A monarquia britânica sempre foi um prato cheio para o cinema, a televisão e a literatura. Há um fascínio disseminado mundo afora pelos bastidores da corte inglesa, presentes em produções de época, como os dois longas-metragens dirigidos pelo indiano Shekhar Kapur, que trazem a atriz australiana Cate Blanchett no papel de Elizabeth I, e na série televisiva The Tudors, sobre a turbulenta vida do pai dessa poderosa monarca, o mulherengo e intempestivo Henrique VIII. Mas também há espaço para a história mais recente, contada pelo premiado A Rainha, de Stephen Frears, sobre como a atual chefe de Estado do Reino Unido, Elizabeth II, lidou com os momentos que se seguiram à morte da princesa Diana, em 1997.

Não é surpresa, portanto, que O Discurso do Rei, dirigido pelo britânico Tom Hooper, seja um dos favoritos ao Oscar, com 12 indicações ao prêmio. O filme conta um episódio importante, mas até hoje pouco conhecido, na vida do rei George VI (Colin Firth, em atuação antológica), pai da atual rainha da Inglaterra: como ele superou a gagueira que o atormentou durante a infância, a juventude e parte da vida adulta.

Nascido Albert – em homenagem a seu bisavô, marido da rainha Victoria –, foi convencido a assumir o título de George VI porque, às vésperas da Segunda Guerra Mundial, seu nome de batismo, de origem germânica, era considerado alemão demais. Em família, ele era chamado de Bertie, apelido que também foi usado pelo homem que, de certa forma, mudou sua vida: o terapeuta da fala australiano Lionel Logue (Geoffrey Rush, também produtor do filme).

Gago desde a infância, o tímido Albert, duque de York, nunca sonhou com o trono. Sofria em cerimônias públicas nas quais tinha de falar, proferir discursos, mas confiava na certeza de que a coroa estava destinada a seu irmão mais velho, David (Guy Pearce).
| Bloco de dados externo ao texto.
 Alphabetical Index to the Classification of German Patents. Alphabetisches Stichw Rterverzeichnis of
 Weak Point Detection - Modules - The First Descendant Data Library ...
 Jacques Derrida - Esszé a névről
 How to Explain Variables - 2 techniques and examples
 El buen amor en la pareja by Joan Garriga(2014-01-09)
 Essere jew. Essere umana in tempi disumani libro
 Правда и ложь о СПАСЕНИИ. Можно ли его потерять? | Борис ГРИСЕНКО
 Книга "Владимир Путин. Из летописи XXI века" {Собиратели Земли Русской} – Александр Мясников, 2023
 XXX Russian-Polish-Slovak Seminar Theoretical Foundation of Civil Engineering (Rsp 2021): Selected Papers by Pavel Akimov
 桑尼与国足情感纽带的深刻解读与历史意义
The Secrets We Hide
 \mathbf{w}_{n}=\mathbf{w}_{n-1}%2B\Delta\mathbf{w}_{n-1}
Acontece que David, desde muito jovem, dá sinais de não estar moldado ao cargo que lhe é destinado. É aventureiro, ávido conquistador e habituado a uma rotina de festas, uísque e pouco (ou nenhum) cerimonial. E, quando o pai, o rei Goerge V, morre, em 1936, e ele é coroado com o nome de Eduardo VIII, o mundo desaba ao seu redor. Está apaixonado pela norte-americana Wallis Simpson, plebeia duas vezes divorciada, e com ela pretende se casar, algo impensável e proibido por lei para alguém em sua posição. Sua opção é pela renúncia e a coroa escorrega para seu irmão mais novo, conduzido ao trono em dezembro de 1936.

Albert, que já iniciara e interrompera um tratamento pouco convencional com Logue, responsável por algumas das melhores cenas do filme, percebe que, caso não trate de sua gagueira, será a piada do mundo na posição de rei de uma nação imperial como a Grã-Bretanha da época. E essa necessidade se torna ainda mais urgente quando a Inglaterra declara guerra contra a Alemanha, em 1939. Com o apoio da mulher, Elizabeth (Helena Bonham Carter), ele decide procurar o terapeuta, mesmo que as credenciais do “especialista” sejam um tanto duvidosas.

As razões por trás do sucesso de O Discurso do Rei são fáceis de compreender. A direção de Hooper é esperta e ágil, conseguindo tirar o melhor da trama e, sobretudo, de seu espetacular elenco, premiado pelo Sindicato dos Atores (SAG). A reconstituição de época é impecável, dos cenários aos figurinos. A fotografia e, sobretudo, a edição, que intercala momentos públicos e privados da família real, são muito competentes. Mas não está nessas qualidades o segredo do êxito de público e de crítica do filme.

Sob o risco de romantizar, ou mesmo de certa forma reinventar personagens reais para efeitos dramáticos, O Discurso do Rei aposta na humanização do relacionamento entre Bertie (e, depois de coroado, George VI) e Logue, o retratando como uma amizade sincera que possibilitou a superação de um problema que ia além da dificuldade de fala: estava ligado à autoestima do monarca. Tanto o rei quanto sua mulher, que passou para a História como a “rainha-mãe” (de Elizabeth II), são mostrados pelo filme como pessoas de verdade, de carne, ossos e sentimentos. Por vezes nobres, como os títulos que carregam, mas, em alguns momentos, tão normais como os de um condutor de trem ou de uma garçonete.

Pouco ousado na forma, mas envolvente, graças a um roteiro bem amarrado e com ótimos diálogos, O Discurso do Rei não é um grande filme, mas seduz o espectador por ser uma história tocante, engraçada e muito bem contada.